Below are entries; copy exactly, and only, the lines from the one containing "SilkSilky UK Silk" through their final line, leaving out pictures.

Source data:
>>>>

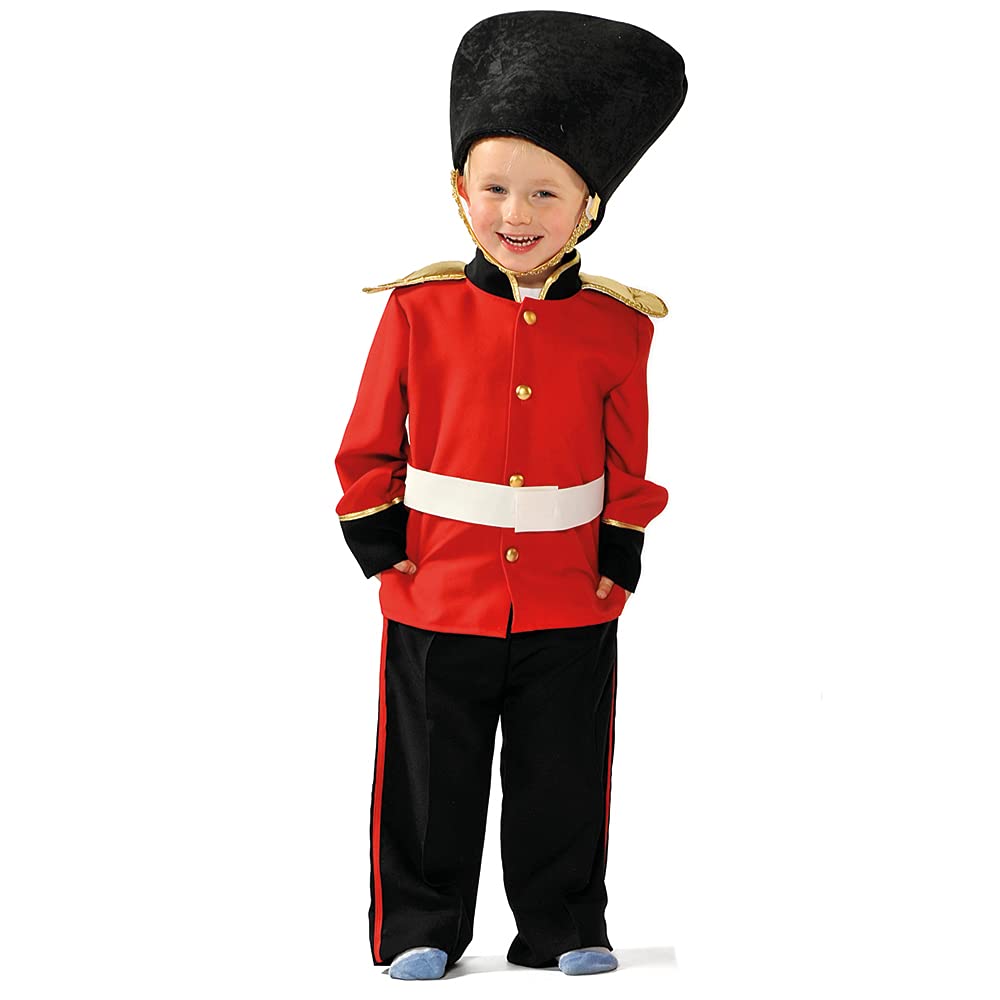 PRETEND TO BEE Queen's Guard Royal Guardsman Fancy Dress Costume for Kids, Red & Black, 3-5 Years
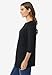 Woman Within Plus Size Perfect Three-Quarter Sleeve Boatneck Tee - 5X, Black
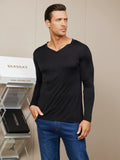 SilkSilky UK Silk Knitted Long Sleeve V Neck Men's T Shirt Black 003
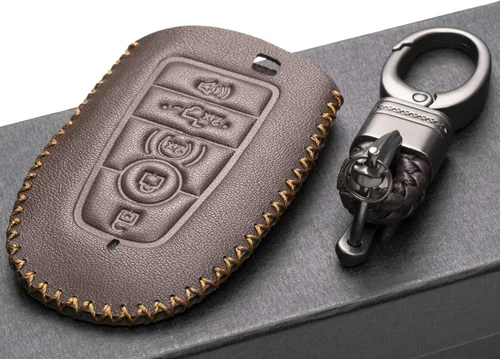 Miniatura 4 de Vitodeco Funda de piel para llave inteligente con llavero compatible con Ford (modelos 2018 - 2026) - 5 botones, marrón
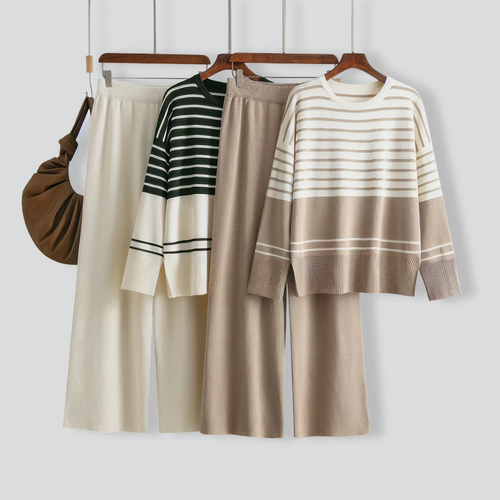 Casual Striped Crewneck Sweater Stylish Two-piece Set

<<<<

* **ANSWER TO THIS PROBLEM**
 SilkSilky UK Silk Knitted Long Sleeve V Neck Men's T Shirt Black 003
 Miniatura 4 de Vitodeco Funda de piel para llave inteligente con llavero compatible con Ford (modelos 2018 - 2026) - 5 botones, marrón
 Casual Striped Crewneck Sweater Stylish Two-piece Set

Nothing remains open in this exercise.